If you were to make a pen for the sole purpose to be passed down from generation to generation, so that someday an ancestor of yours could say, "this pen here was made by my great great grandfather"......well then how would you do it?  If you were going to stick with wood, how would you make the pen so that it would last the longest and would be worth passing down generation to generation. Process? Parts? Kind of pen?

I'd love to hear your thoughts.


----------



## skiprat (Jan 15, 2016)

Solid Silver capped pen ( no mech :wink or maybe stainless steel ( no plating wear :wink: )
Bocote, Cocobolo are my favourite woods, but a nice HRB looks superb too.
Any wood that doesn't require a finish. 
But that's just my 2p worth....for free:biggrin:

Oh...and welcome to the IAP..


----------



## QuoVadis (Jan 15, 2016)

And those are 2 pennies worth hearing.  I've read a ton of your posts Skiprat.  It's an honor to hear your take.  Thanks!

So the finish would wear out for sure...I hadn't thought about that.


----------



## Hawkdave (Jan 15, 2016)

QuoVadis said:


> Little skiddish to say I signed up last night as a new member after reading the forums every night for the last 3 weeks.
> 
> I thought I would venture into a forum and ask a big picture question for all you pros out there.
> 
> ...



G'Day Kale...It is important to have family heirlooms. Our memories must live on. Somewhere in one of the posts, one of the members turned a number of pens from his (I think his Grandfather) favorite hammer, and gave them to his sons to remember their great Grandfather. 
Maybe you can find some item that is special and turn that into pens, the story attached to the pens would be the start of the heirloom.

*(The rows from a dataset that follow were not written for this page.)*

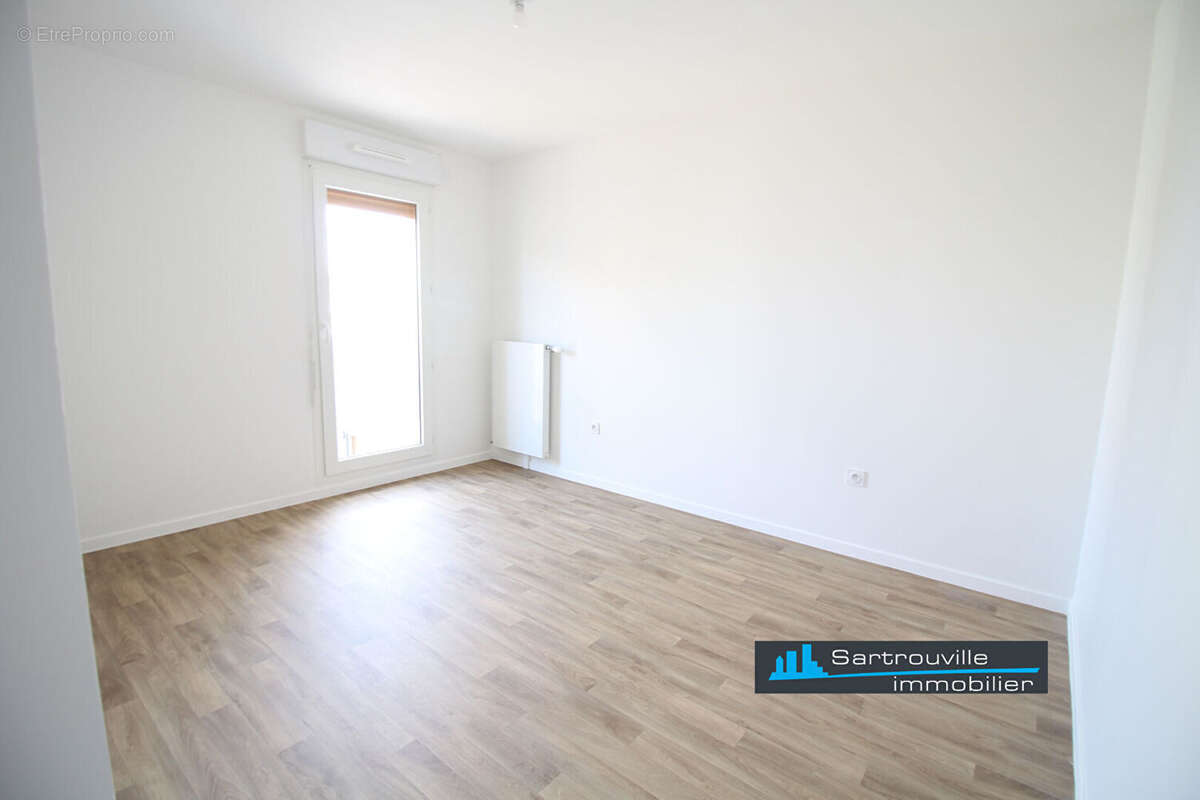 Appartement à SARTROUVILLE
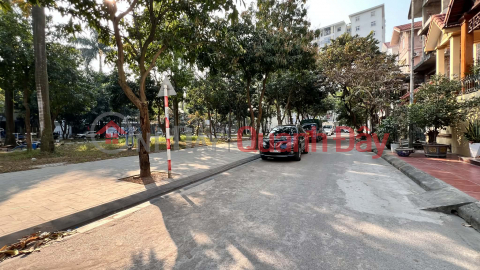 Corner villa in Viet Hung, 3 sides open, wide sidewalk, car access, view of green park. _0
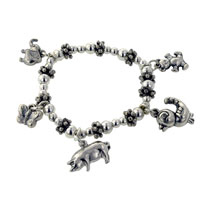 Bracelets - animal charm bracelet Image.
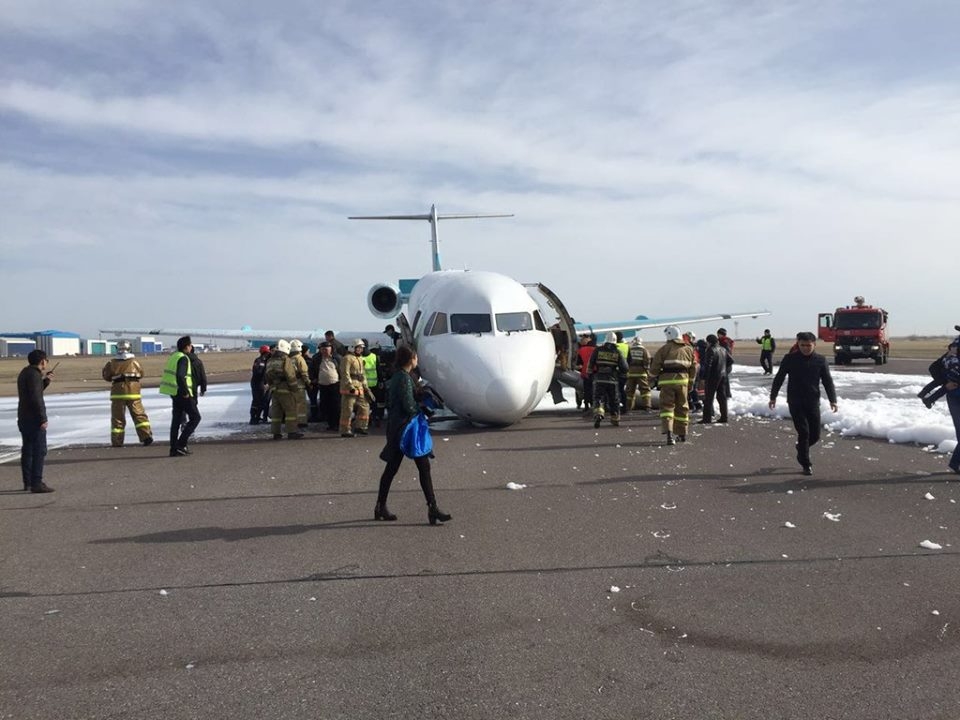 «Ничего страшного не произошло» - глава компании Bek Air прокомментировал аварийную посадку в Астане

Good luck and please let us know what solution you come up with!

Dave.


----------



## QuoVadis (Jan 15, 2016)

[/QUOTE]

G'Day Kale...It is important to have family heirlooms. Our memories must live on. Somewhere in one of the posts, one of the members turned a number of pens from his (I think his Grandfather) favorite hammer, and gave them to his sons to remember their great Grandfather. 
Maybe you can find some item that is special and turn that into pens, the story attached to the pens would be the start of the heirloom.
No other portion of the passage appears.